La famiglia Tolomei discende da un Baldistricca Tolomei, di origine germanica e questo nome abbreviato in Stricca viene più volte ripetuto nella famiglia nei secoli successivi.
La tradizione più attendibile è quella che parla della venuta dei Tolomei nel contado senese al tempo di Ottone I°. Come i Salimbeni e i Piccolomini possiedono presto nel contado senese terre, feudi e castelli già al tempo di Gregorio II°.
Appartengono alla piccola feudalità del contado senese con proprietà intorno a Chiusure e già Tolomeo secondo gli storici senesi fu uno dei tre ambasciatori inviati da Siena al Pontefice Alessandro III per rallegrarsi della pace vittoriosa conclusa a Venezia con il Barbarossa (1176).
I Tolomei dal contado entrano in città e già il 1 marzo 1121 Bonone figlio di Sennuccio di Baldistricca acquista un appezzamento di terreno con vigna a Maggiano o Montemaggiano, dove più tardi sorgerà la bella certosa voluta dal cardinal Petroni Riccardo essendo il terreno confinante con i beni dei Maconi.
Jacopo di Tolomeo, nel 1221 presenzia all’atto di accomandigia a Siena dei potenti conti Aldobrandeschi e nel 1226, quale camarlingo della Biccherna partecipa alla donazione fatta al comune del Poggio di Calcinaia dove avrebbe dovuto sorgere un Castello (Il Caleffo 326-327).
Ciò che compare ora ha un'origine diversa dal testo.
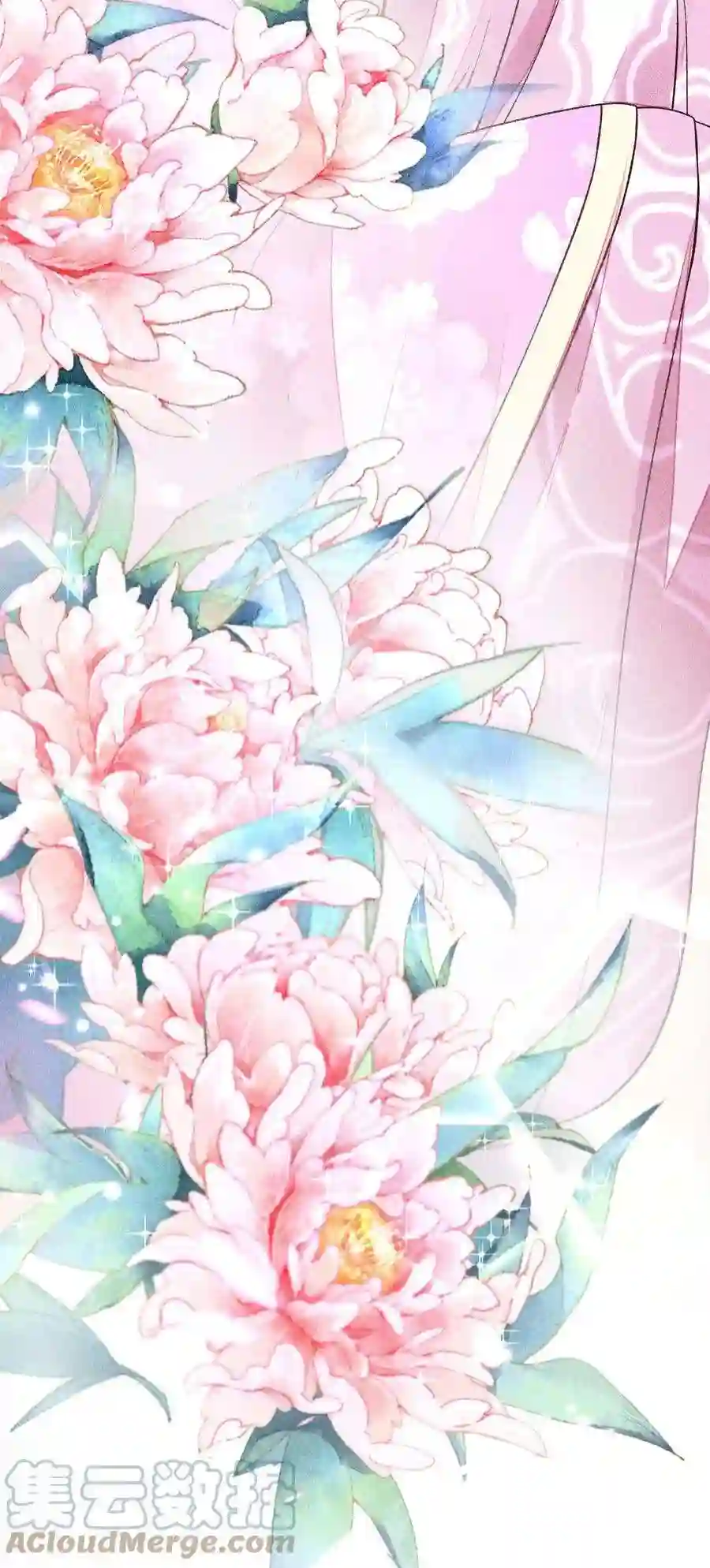 我养成了一个病弱皇子072 你在看热闹？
Alla fine del secolo XII i Tolomei si sono singolarmente arricchiti con vasti traffici tra mercanti senesi e romani. Un fatto importante è la creazione della Ia Societs Thalomeorum che risale al 1223 quando alcuni mercanti si riconoscono debitori di Bartolomeo de Platea e soci.
La grande fortuna dei Tolomei pare si sia formata negli anni 1225-1226 con le miniere d’argento di Montieri ottenute in restituzione dei prestiti precedentemente fatti ai Vescovi di Volterra e Massa Marittima insieme alla villa di Certaldo e la corte di Montalcino, i cui terreni vanno ad aumentare il già vasto patrimonio immobiliare dei Tolomei.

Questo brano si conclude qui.